[Start of Attachment]

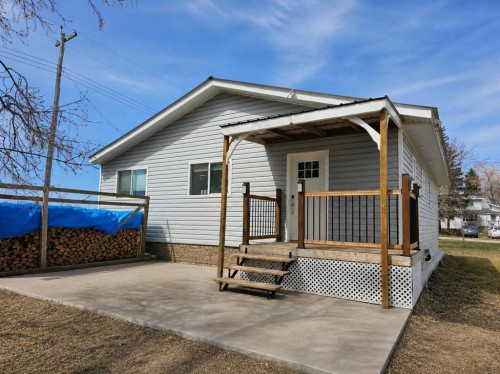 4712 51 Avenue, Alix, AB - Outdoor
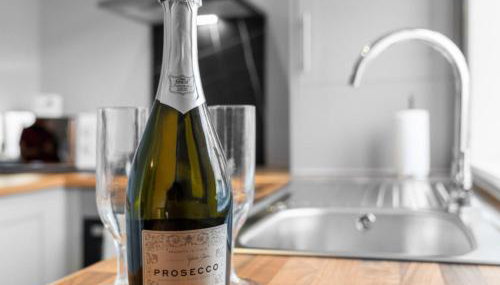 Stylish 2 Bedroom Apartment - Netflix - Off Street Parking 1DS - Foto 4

[End of Attachment]
[Start of Attachment]

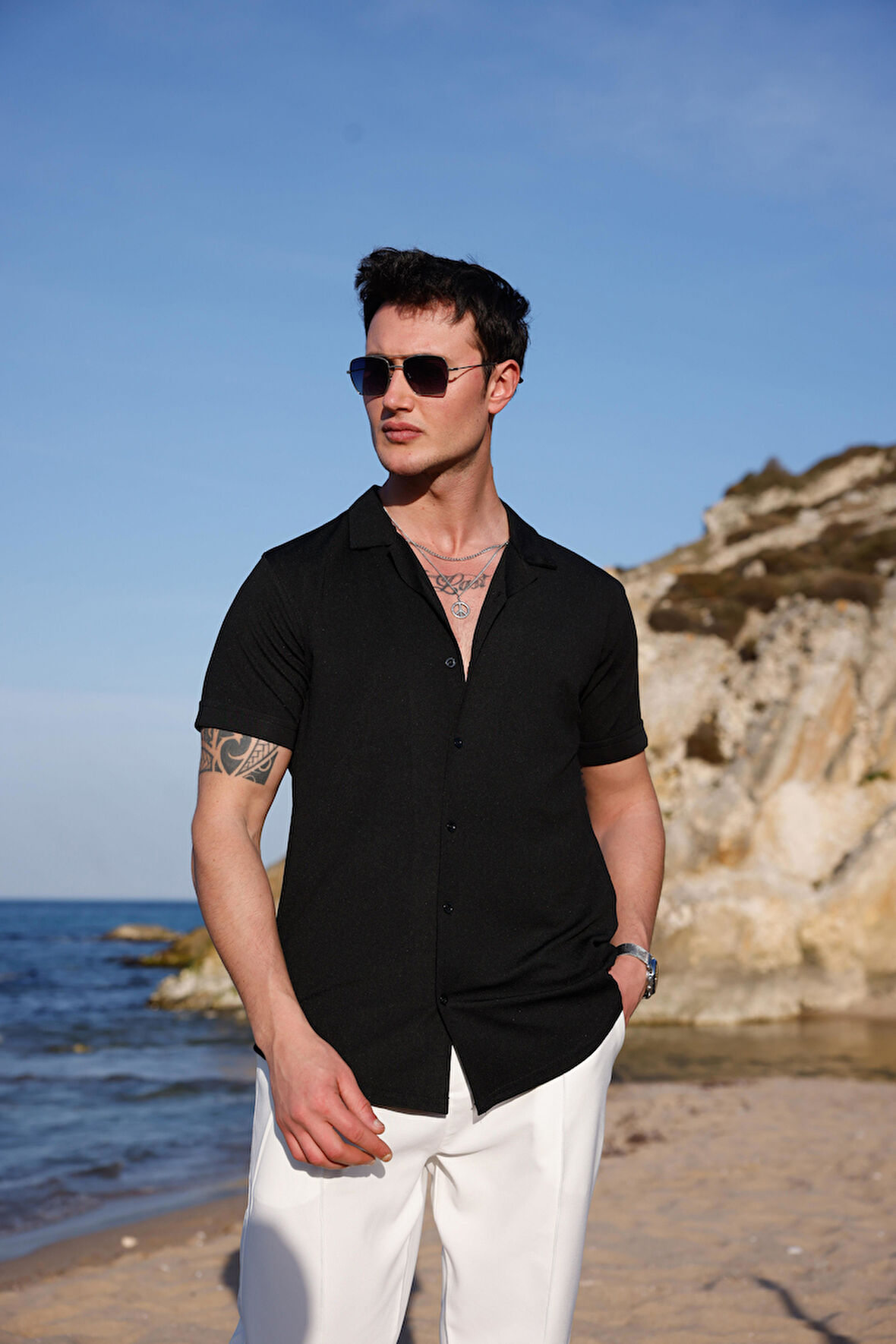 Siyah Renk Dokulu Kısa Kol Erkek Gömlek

[End of Attachment]

AIM OF THE EXERCISE ->
Because only one stretch of the records is wanted, please output the lines from the one holding "4712 51 Avenue, Alix, AB - Outdoor" through the one holding "Stylish 2 Bedroom" exactly, both included, and leave every picture out.

EXERCISE RESULT ->
 4712 51 Avenue, Alix, AB - Outdoor
 Stylish 2 Bedroom Apartment - Netflix - Off Street Parking 1DS - Foto 4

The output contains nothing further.